Originally posted by footguy
Plus BSD runs virtually all Linux binaries and in some cases a lot faster than Linux.

We keep throwing kudos around in here.. I think the folks at FreeBSD and Apache deserve metals.

Honestly though all operating systems have progressed to the point where they are decent.... BSD they are not but definitely quite stable and useful.

Expand that to include mysql and PHP and I wholly agree:)

footguy 11-10-2003 09:51 PM

I can't believe I just spelled medals meTals........

toddler 11-10-2003 10:02 PM

Quote:

Originally posted by footguy
I can't believe I just spelled medals meTals........
Hey, an award is an award....better real platinum than fake silver...

dnsmonster 11-10-2003 10:12 PM

Quote:

Disk i/o, RAID if you're gonna run SQL
What does RAID have to do with running an SQL server? RAID is imporant for redundance. 99.99% of RAID controllers are in fact slower that straight-up single drive solution but that's the hit you take by ensuring your data is stored more reliably. If you buy a standalone RAID controller make sure you get the one with the most cache since that usually elevates some load from the drives.
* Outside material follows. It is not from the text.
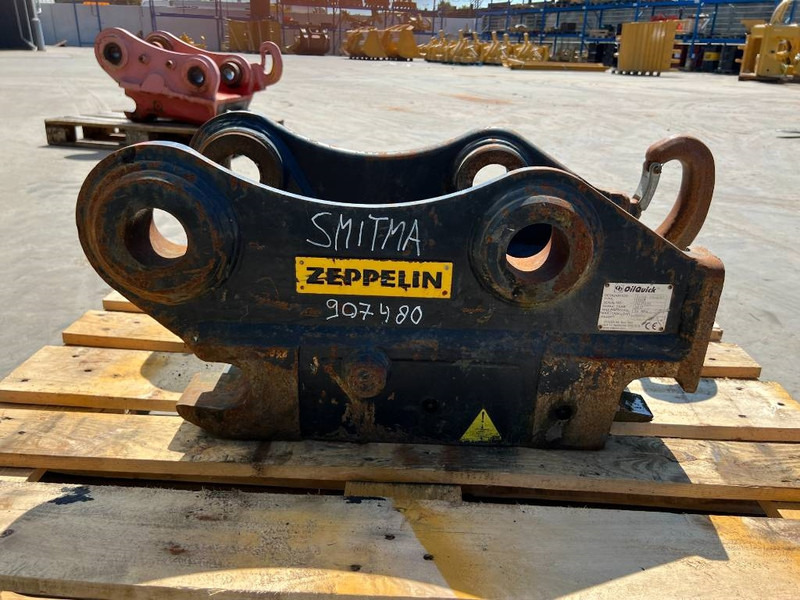 OilQuick OQ65 - M314F / M316F / M318F - Skrup cepat untuk Peralatan konstruksi: gambar 5 OilQuick OQ65 - M314F / M316F / M318F - Skrup cepat untuk Peralatan konstruksi: gambar 5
Nobody mentioned redundant power supplies. Most colocation facilities have 2 power backbones, A and B. If you get redundant supplies you are pretty much secure as far as power goes, provided your facility has reliable battery and diesel backup.

My toys:

http://www.ultrapatch.com/gfy/intels_small_1.jpg

If you have more than 1 server, connecting them with fiber and intalling MOSIX might be a very good idea, solves a lot of heavy traffic issues.

Cluster-up baby!

toddler 11-10-2003 10:17 PM

Quote:

Originally posted by dnsmonster
[B]

What does RAID have to do with running an SQL server? RAID is imporant for redundance. 99.99% of RAID controllers are in fact slower that straight-up single drive solution but that's the hit you take by ensuring your data is stored more reliably. If you buy a standalone RAID controller make sure you get the one with the most cache since that usually elevates some load from the drives.

Nobody mentioned redundant power supplies. Most colocation facilities have 2 power backbones, A and B. If you get redundant supplies you are pretty much secure as far as power goes, provided your facility has reliable battery and diesel backup.


:) See? Not just me that says it...

You need to make damn sure those dual lines are from seperate feeds however. I can tell you we moved 400 servers out of verio SD because they told us they did, and they didn't.

Also a good thing to make sure you see their maint schedule for that backup gen. and enough fuel either on hand, or a preagreed contract for the petrol for a few days running at load. Many colo's I know personally don't.

PbG 11-11-2003 05:10 AM

Nobody mentioned the nick card either. The wrong one and/or lack of two will most definitely present a bottleneck when trying to push 100+GB per day out of a server P4, Xeon or otherwise regardless of the OS.